I mention this dimension because today is most recently named Divine Mercy Sunday by Pope John Paul II, of happy memory. He made this proclamation in collaboration with Sr Faustina Kowalska and her Divine Mercy devotions. As we talk about these things it is important to mention that this, just as all private revelation, is approved or condemned by the Church to aid us in living our baptismal promises. If the revelations help us to live our faith and nurture and foment our spiritual life and animate our community life, then it is good to use them. If they do not, then we should leave them behind. Many find the Divine Mercy Chaplet and Sr Faustina’s autobiography beneficial, and it is a approved devotion.

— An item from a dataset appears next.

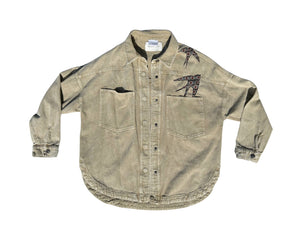 women's machine appliquéd  upcycled denim shirt jacket: sparrows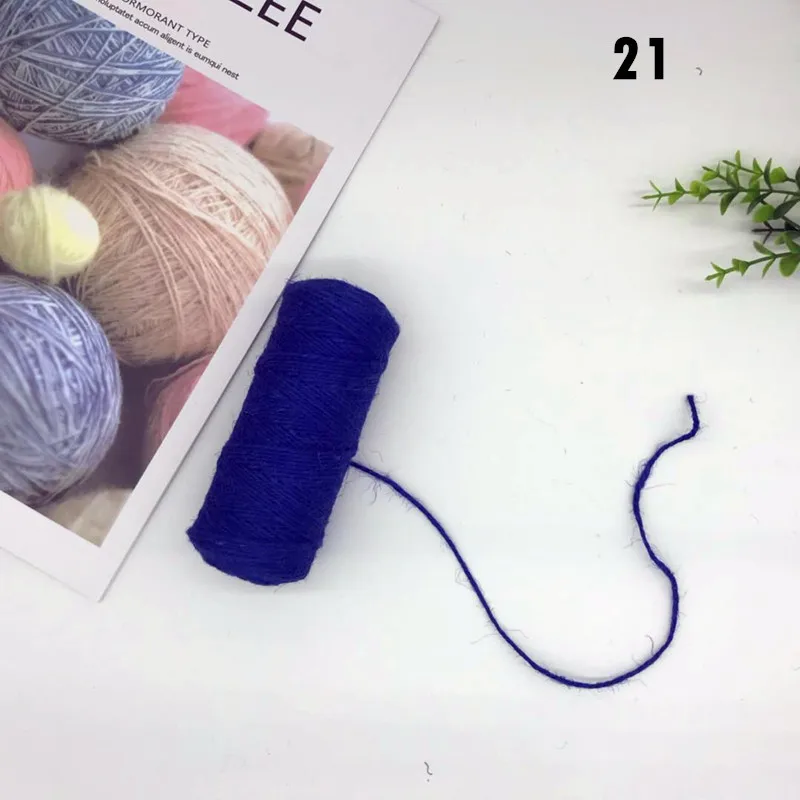 21 Royal blue Джутовая веревка, ручная работа, 2 мм, винтажное украшение, цветная пеньковая веревка, подарочная упаковочная веревка, бирка для одежды, веревка, 100 метров на трубу - Цвет: 21 Royal blue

Sr Faustina claimed Christ spoke to her and the messages focused on God’s Mercy. God’s Mercy is something we have always recognized, appreciated, and asked for since ancient times and in all rites of the Catholic Church. All rites include this petition today, as well. At the beginning of the Mass we, the Latin Rite, always maintained the Greek phrases Kyrie Eleison and Christe Eleison, translated and said in English today as Lord have Mercy and Christ have Mercy. We recognize ourselves as sinners and ask God to have mercy on us, to heap his bountiful love on us, to forgive our sins, and to welcome us back into his family, as the Father to his Prodigal Son.
It is fitting for us to reflect on this theme at the end of the Easter Octave, after just living Holy Week where we reflected on Christ’s Passion and Death; He suffered out of Love for us and his Father. He poured His life out for us, died, and then conquered death by His resurrection, offering eternal life to those of us who accept it. He asks us to be open to accept his love and mercy, repent of our sins, confess our sins, receive his forgiveness through the priest, and live with Him now so we will live with him in eternal happiness after this life.
God’s loving Mercy and Forgiveness is not merited—we don’t merit it. We only have to accept it and return his gift of love to him again, as our own gift.